*Task prompt*: Could the lines from the top of the material to the line that contains "Senior womens long" be retyped exactly, both included and pictures omitted?

*Available data*:
* * * * * * *
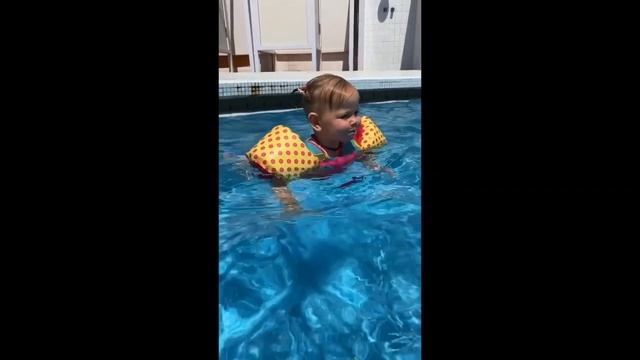 Дочь Леры Кудрявцевой учится плавать в бассейне смотреть онлайн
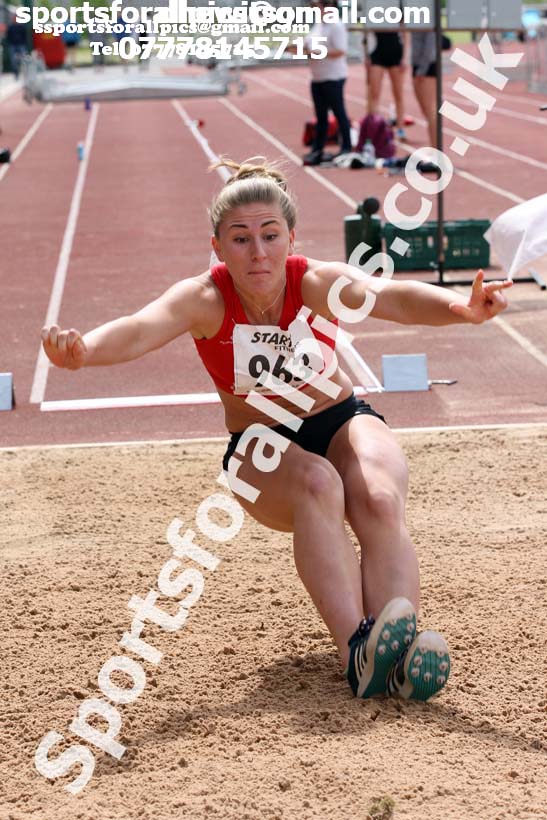 Senior womens long jump, North Eastern Track and Fields Champs., Middlesbrough. Photo: David T. Hewitson/Sports for All Pics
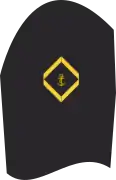 Dienstgradabzeichen eines Maats (10-er Verwendungsreihe) auf dem Oberärmel der Jacke des Dienstanzuges für Marineuniformträger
* * * * * * *
*Written solution*:
 Дочь Леры Кудрявцевой учится плавать в бассейне смотреть онлайн
 Senior womens long jump, North Eastern Track and Fields Champs., Middlesbrough. Photo: David T. Hewitson/Sports for All Pics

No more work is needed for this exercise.